Most churches have joined the fight against Ebola by carrying on awareness campaigns, talking about it during sermons and placing buckets of water at entrances of the church buildings for members to wash their hands before entering for service. Both Christian and Muslim religious leaders have called on all Liberians to pray for the country – and, at the same time, to take their own preventive measures.
Supermarkets, shops and other business centers are following suit. The three mobile phone companies in Liberia have been using SMS to sensitive their subscribers by sending daily text messages about the virus. Across cities and towns, Liberians have organized themselves in various communities and are promoting awareness.
It seems that almost every Liberian has now become his or her 'brother's keeper' by carrying on sensitization in taxis, clubs, and market places - wherever they find themselves. On Facebook, many Liberians have made their profile pictures Ebola related and their statuses feature awareness messages on a daily basis. Liberian groups on Facebook discuss the situation.
Liberians in the diaspora have organized themselves into mini-groups to send aid, such as gloves and other personal protective equipment, back home to fight this deadly disease. The Liberian ambassador in Washington DC, Jeremiah Sulunteh, announced that the embassy had established an account for those who want to donate.
The alarmingly high death rate from the Ebola virus among health workers has left citizens wondering how they will get medical care for many common illnesses, which can be deadly also, such as malaria. Bodies of suspected Ebola victims being left in the streets or in houses adds to the anxiety.
In this situation, it's hard to prevent suspicion and misinformation. There were stories of some individuals going around putting dangerous chemicals such as formaldehyde in wells in various communities. The result is that Liberians had to worry about poisonous chemicals being put into water sources as well as about the Ebola virus; but Police Director Col. Chris Massaqoui has since denounced the rumor. He said the police found no evidence that the stories were true.

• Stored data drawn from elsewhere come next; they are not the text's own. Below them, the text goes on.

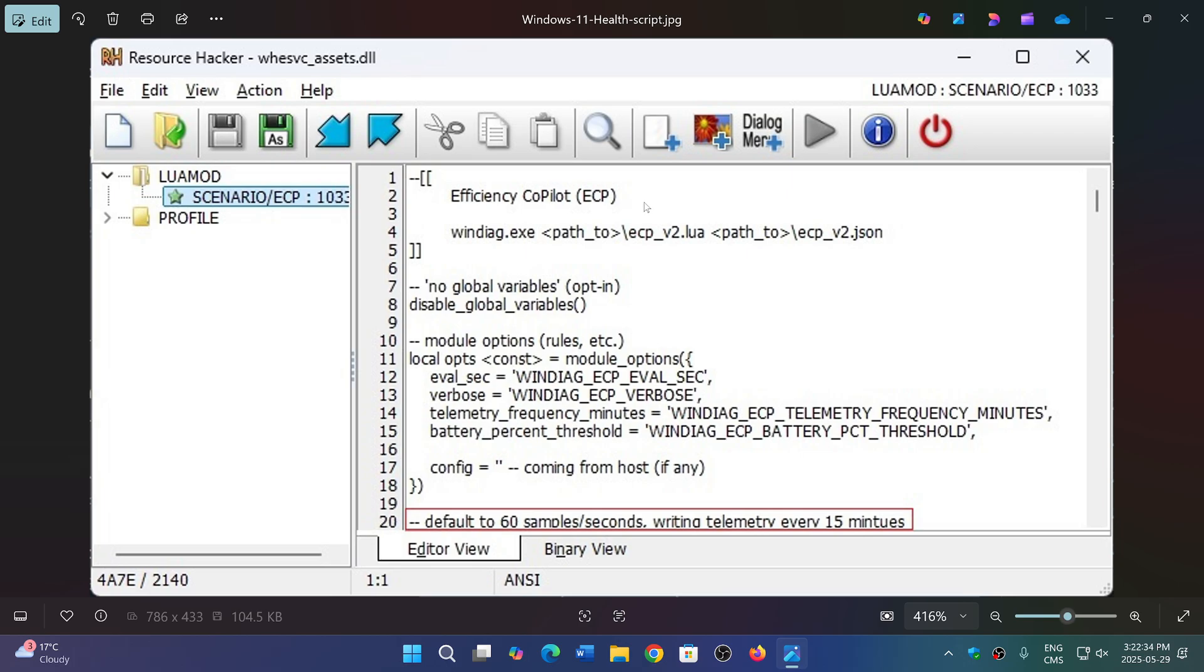It seems to be sampling the system a few times—a certain number of samples per second—and then they write telemetry or information. We're not sure exactly what it would refer to or want to refer to.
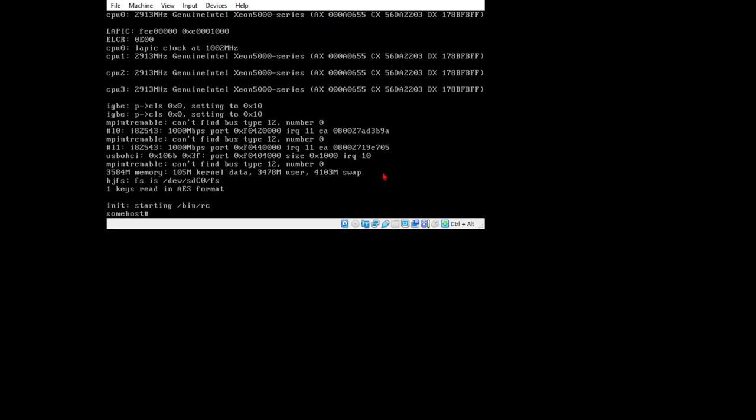You'll note that Rio was not started here. This is because Rio is not started by the CPU server, so we are now in CPU mode. We can see that one key was read in AES format. That would be Glenda's key.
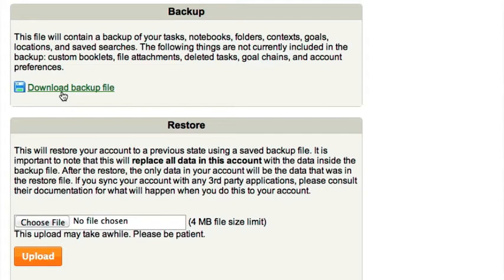Download this file periodically and put it in a safe place so that you'll always have a backup of your data should something go wrong.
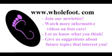We invite you to visit us at www.wholefoot.com, join our newsletter, watch more informative videos on foot care, tell us what you think, and give us suggestions about future topics.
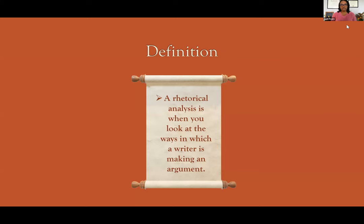So what is rhetorical analysis? Rhetorical analysis is just when you look at the ways in which a writer is making an argument. It can be a piece of literature, it can be an essay, it can be nonfiction, it can be poetry — but you're looking at how the author is making their argument and making their point. That's the gist of what a rhetorical analysis is.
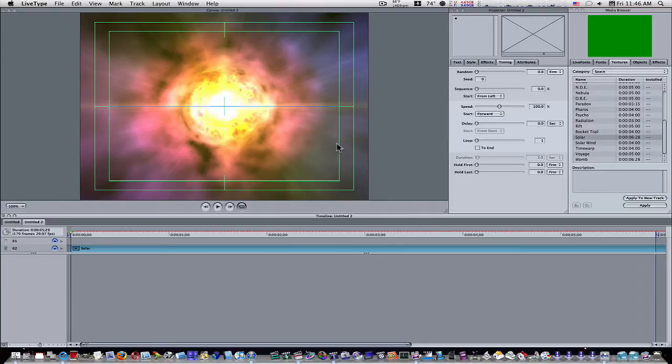Hello guys, I haven't done a LiveType tutorial in a long time. This time we're going to do two or three coming up, and I'm going to start simple by showing you how to make and save your own custom effects.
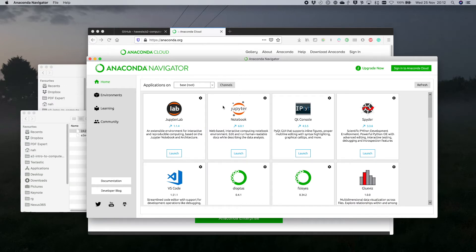In this video I'm going to start by showing you some of the tools that will be useful if you're new to Python or haven't used it locally before.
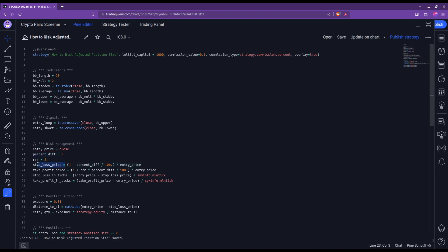Now with the stop loss price at hand, the next step is to compute the actual position size. So the number that you see here refers to a percentage. Having written 0.01, it means I am willing to risk only 1% of my capital on each trade. So indifferently, if a trade goes against me, I will lose only 1% of my capital.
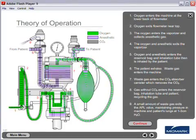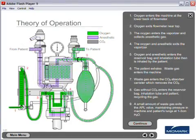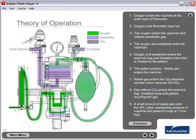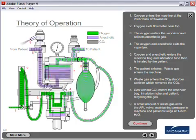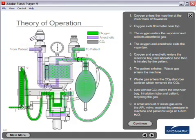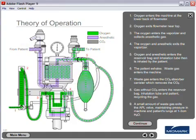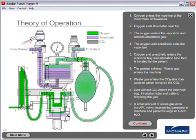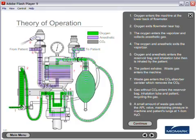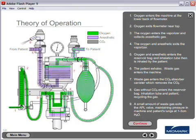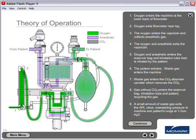Theory of operation. Number one, oxygen enters the machine at the lower back of the flow meter. Number two, oxygen exits the flow meter near the top. Number three, the oxygen enters the vaporizer and collects anesthetic gas. Number four, the oxygen and anesthetic exits the vaporizer.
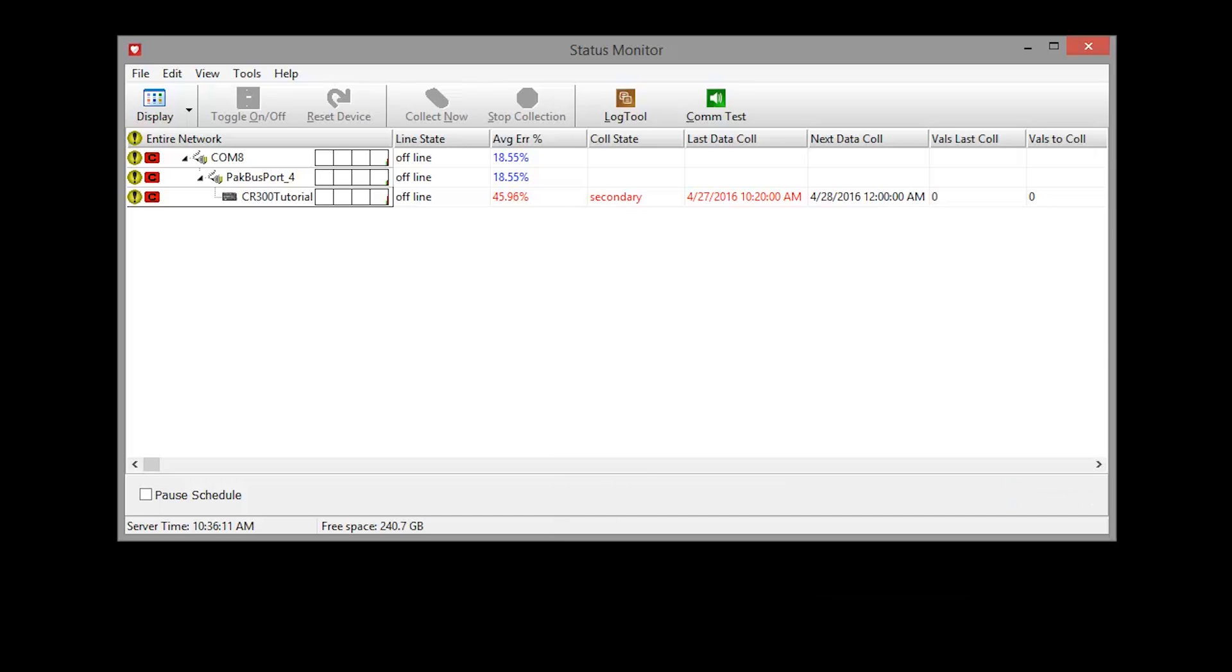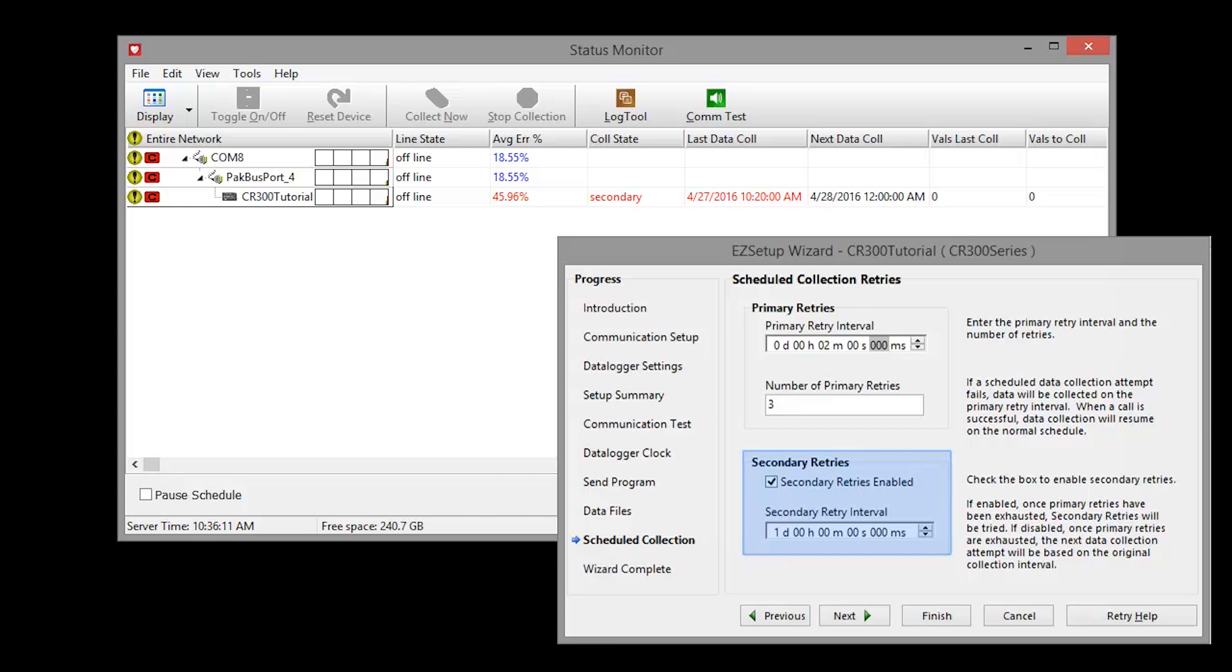After the failed primary retries, we're in secondary retries. And the next attempt to collect data will be on the secondary schedule. In this example, that is tomorrow.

The president of Liberia, Madam Ellen Johnson Sirleaf, has addressed the nation multiple times, including announcing a three-month state of emergency. She said, "Under the State of Emergency, the Government will institute extraordinary measures, including, if need be, the suspension of certain rights and privileges."
The government has passed a regulation for only three persons to sit in the back of a taxi to avoid close contact, but even at that, one can't possibly avoid touching or rubbing against other passengers. On a daily basis, securing transport is a rush-and-fighting thing, which involves considerable contact with other people who are also trying to get a taxi or bus. In my case, the trip to work usually takes two different commercial vehicles. So movement from place to place has become worrisome. Still, people have no choice but to do it.
And there are positive things every Liberian can do. So this is how I spent my weekend. With the organization Girls As Partners, I managed to reach out to ten different churches in the Gardnersville area of Monrovia, giving them buckets, chlorine and soap so their members could adhere to one of the Ebola preventive measures – washing hands. We also gave out leaflets containing facts about Ebola and its prevention.
We're in the rainy season now, and we had to walk through small rivers to get to some churches, but it was really fun reaching out to others. Would you believe someone was brave enough to ask me whether I had a political motive for doing this? Nevertheless, I say let's all be our brothers' and sisters' keepers and kick Ebola out of Liberia!